Indeed, while this vengeance of a once loyal supporter was exacted upon her quickly and suddenly, it is possible that Anne was aware of her surroundings, however calm and lively she still appeared outwardly. She accused a very close friend of both her and the king, Henry Norris, of no longer courting Madge Shelton for her kinship with Anne, suggesting that he was aware of the queen’s oncoming destruction and no longer wished to connect himself with her. Anne proceeded to accuse Norris of being in love with her, but the next day she apologized for picking the fight and implored him to go to her almoner and swear she was a good woman – why, unless she was aware of the adultery rumors that were set swirling, would she make this demand? Some of these adultery rumors were perpetrated by the king himself, who, upon leaving Anne for Greenwich, months ago, as she had recovered from her miscarriage, swore that he had been transfixed by her witchcraft, and that she had engaged in relations with a cabinet of lovers. This is evidence either for Henry playing a lead role in the plot against his wife, or Cromwell’s manipulation of these jealous fantasies.
Anne’s intuition is also visible in her grave request on April 26th, 1536, to her chaplain, Matthew Parker, a champion of reform and future Protestant Archbishop of Canterbury under Elizabeth, to watch over her child and care for her spiritually should anything befall the queen. She had some sense of the danger she was in and wanted to protect her daughter in the event that she was not alive to.

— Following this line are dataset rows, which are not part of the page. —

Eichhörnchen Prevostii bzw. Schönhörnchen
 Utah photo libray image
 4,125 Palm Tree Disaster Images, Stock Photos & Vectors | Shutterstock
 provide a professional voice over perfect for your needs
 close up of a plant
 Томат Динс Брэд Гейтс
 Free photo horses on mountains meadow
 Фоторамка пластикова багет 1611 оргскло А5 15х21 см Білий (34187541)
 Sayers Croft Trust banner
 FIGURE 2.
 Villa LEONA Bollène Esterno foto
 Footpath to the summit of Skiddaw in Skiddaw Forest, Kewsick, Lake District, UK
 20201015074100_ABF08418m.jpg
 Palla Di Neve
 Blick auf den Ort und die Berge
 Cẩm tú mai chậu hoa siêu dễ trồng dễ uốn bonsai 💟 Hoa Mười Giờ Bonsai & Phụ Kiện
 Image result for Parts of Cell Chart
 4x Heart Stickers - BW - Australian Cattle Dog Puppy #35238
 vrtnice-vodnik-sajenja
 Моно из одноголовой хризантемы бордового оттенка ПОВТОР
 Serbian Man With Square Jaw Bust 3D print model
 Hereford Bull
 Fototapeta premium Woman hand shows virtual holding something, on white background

On April 30th, under dark means, Anne’s young musician Smeaton had confessed to adultery with her and probably named other men, who included Henry Norris. On May Day, the king and queen sat and watched the tournament, which his injuries from January prevented him from participating in, and all seemed normal enough between them – until, wordlessly, he took off and ordered Sir Norris, just finished jousting against the queen’s brother George, to leave with him. Along the way, he begged Norris, who had been among his best friends for nearly twenty years, to admit to adultery and be spared. However, a loyal friend to Anne as well, he refused, stating that his conscience would not allow him to lie and ruin a good and innocent woman.